## [ABOUT THIS TASK]
Output the lines of the records below exactly, beginning at their first line and ending at the line with "Double flower earrings"; include no pictures.

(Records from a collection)
Segment Open

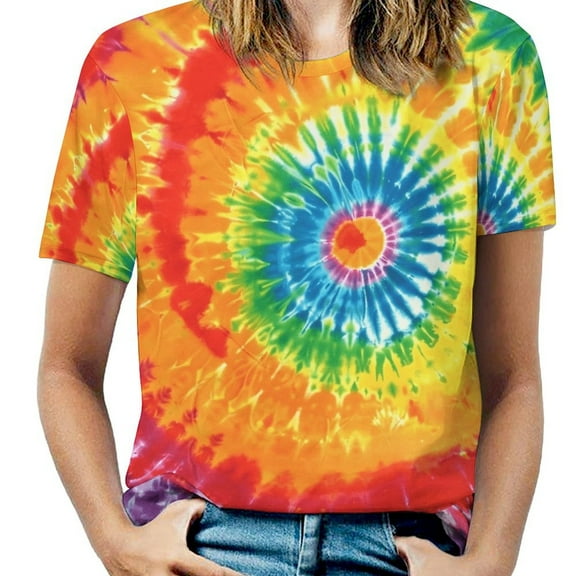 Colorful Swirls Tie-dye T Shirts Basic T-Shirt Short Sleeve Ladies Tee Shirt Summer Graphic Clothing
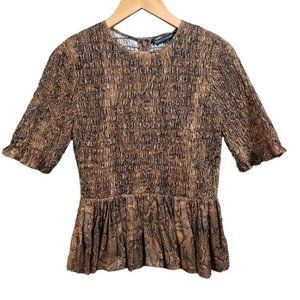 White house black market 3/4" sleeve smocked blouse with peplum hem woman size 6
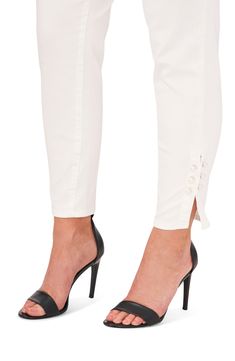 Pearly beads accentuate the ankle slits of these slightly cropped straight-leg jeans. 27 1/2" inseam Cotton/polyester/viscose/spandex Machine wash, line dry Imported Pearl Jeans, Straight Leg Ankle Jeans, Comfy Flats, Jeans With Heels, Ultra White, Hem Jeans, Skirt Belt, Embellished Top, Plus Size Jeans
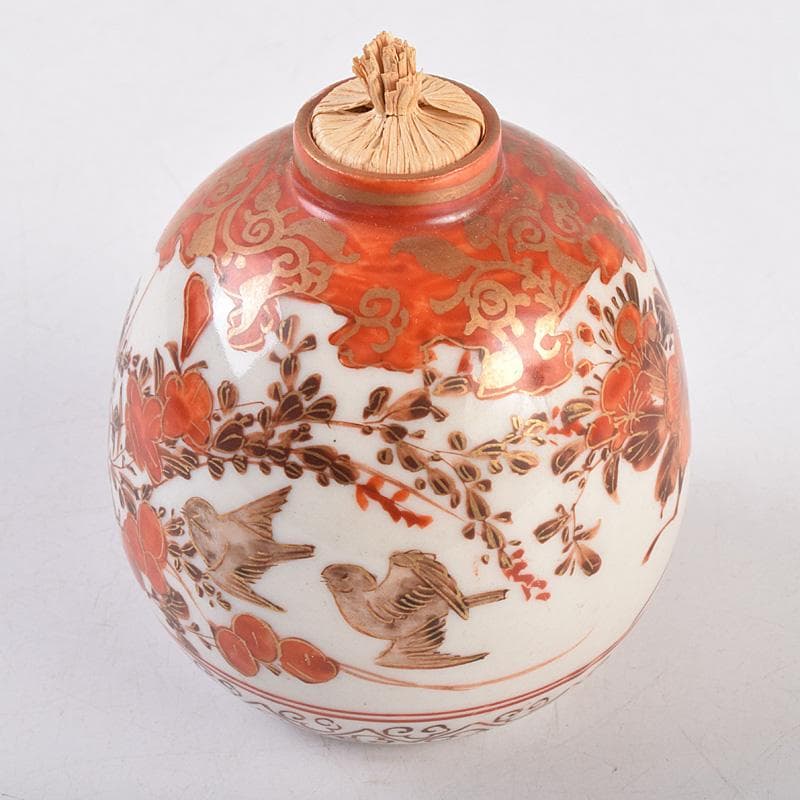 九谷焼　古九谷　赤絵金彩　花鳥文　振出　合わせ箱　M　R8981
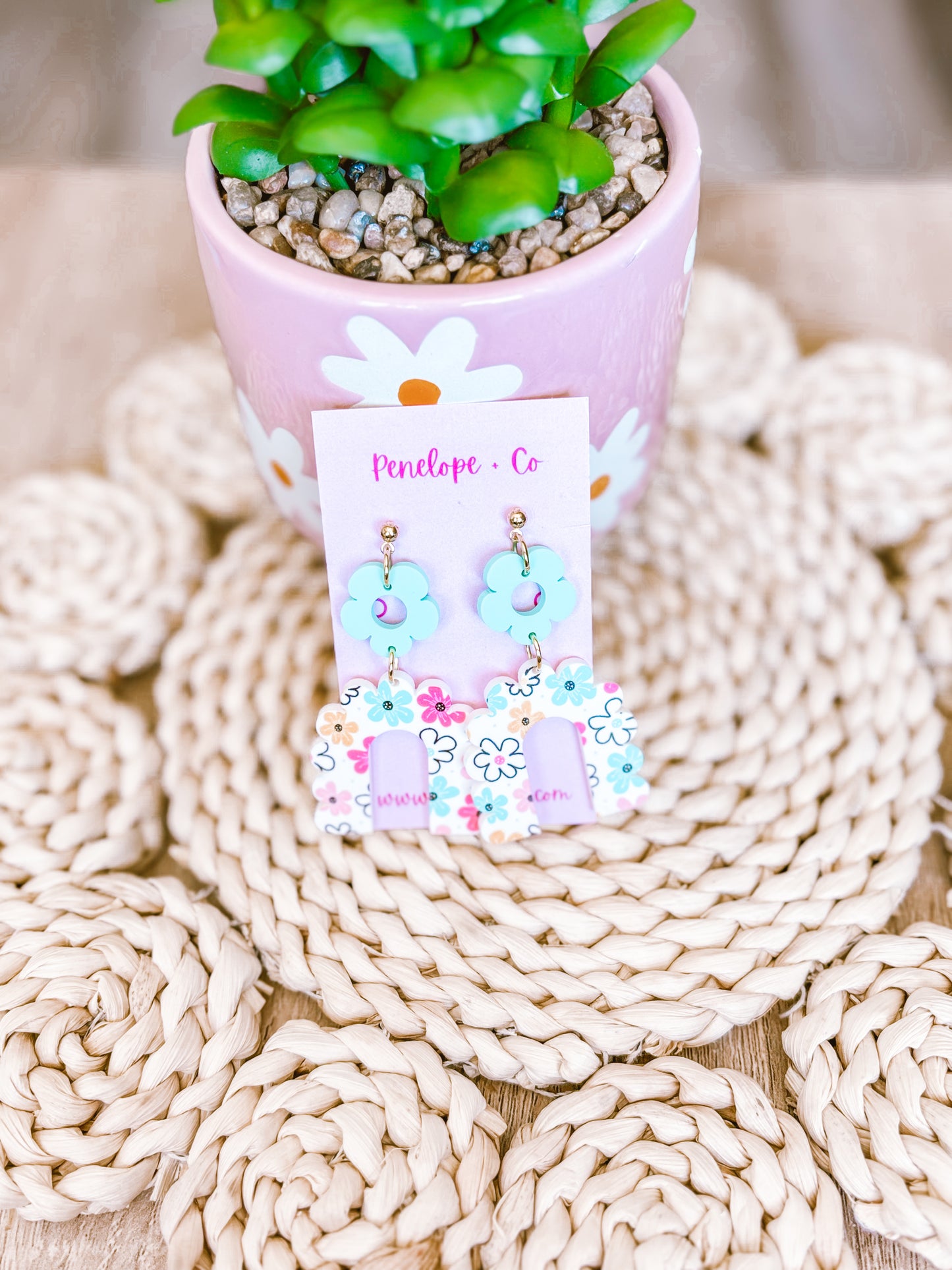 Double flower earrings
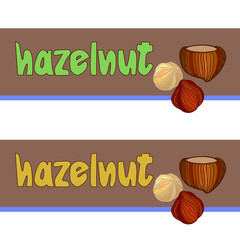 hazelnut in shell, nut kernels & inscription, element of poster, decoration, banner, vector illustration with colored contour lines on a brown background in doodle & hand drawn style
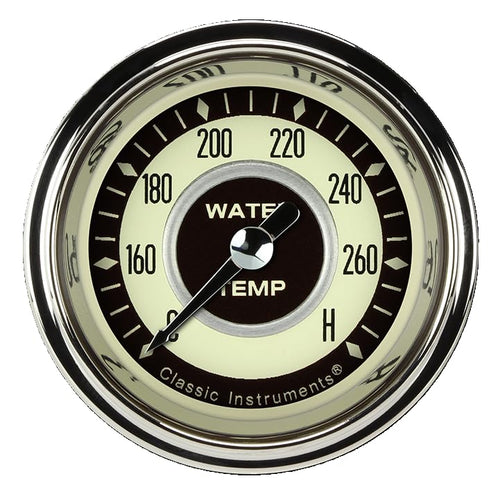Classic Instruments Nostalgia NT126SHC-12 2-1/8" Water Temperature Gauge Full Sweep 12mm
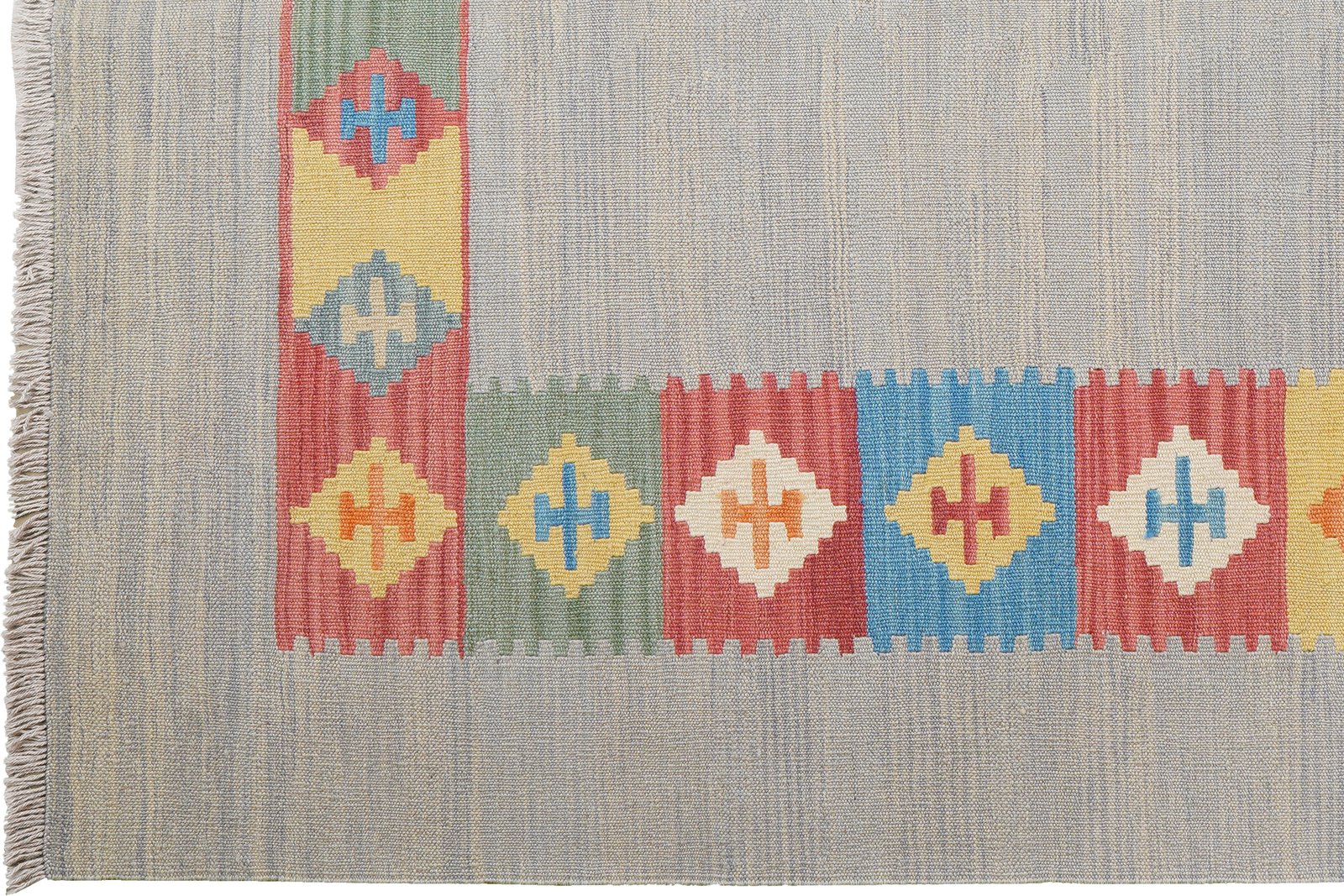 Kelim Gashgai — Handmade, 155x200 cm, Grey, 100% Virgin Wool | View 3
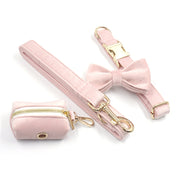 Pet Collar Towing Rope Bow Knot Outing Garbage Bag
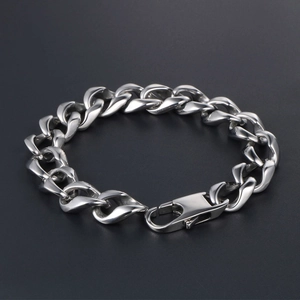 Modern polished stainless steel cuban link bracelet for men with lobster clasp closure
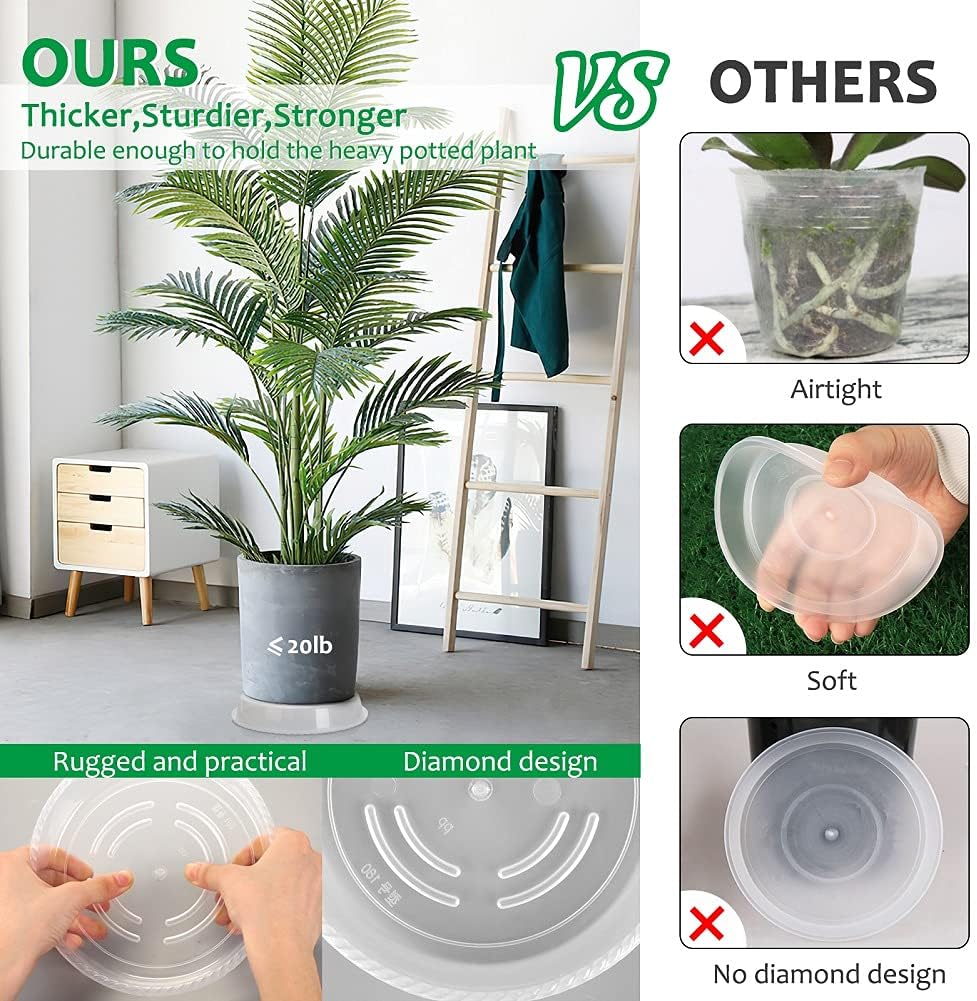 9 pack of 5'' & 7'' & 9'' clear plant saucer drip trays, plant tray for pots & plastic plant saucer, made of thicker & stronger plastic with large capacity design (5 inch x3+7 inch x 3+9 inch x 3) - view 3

Segment Closed

## [YOUR SOLUTION]
 Colorful Swirls Tie-dye T Shirts Basic T-Shirt Short Sleeve Ladies Tee Shirt Summer Graphic Clothing
 White house black market 3/4" sleeve smocked blouse with peplum hem woman size 6
 Pearly beads accentuate the ankle slits of these slightly cropped straight-leg jeans. 27 1/2" inseam Cotton/polyester/viscose/spandex Machine wash, line dry Imported Pearl Jeans, Straight Leg Ankle Jeans, Comfy Flats, Jeans With Heels, Ultra White, Hem Jeans, Skirt Belt, Embellished Top, Plus Size Jeans
 九谷焼　古九谷　赤絵金彩　花鳥文　振出　合わせ箱　M　R8981
 Double flower earrings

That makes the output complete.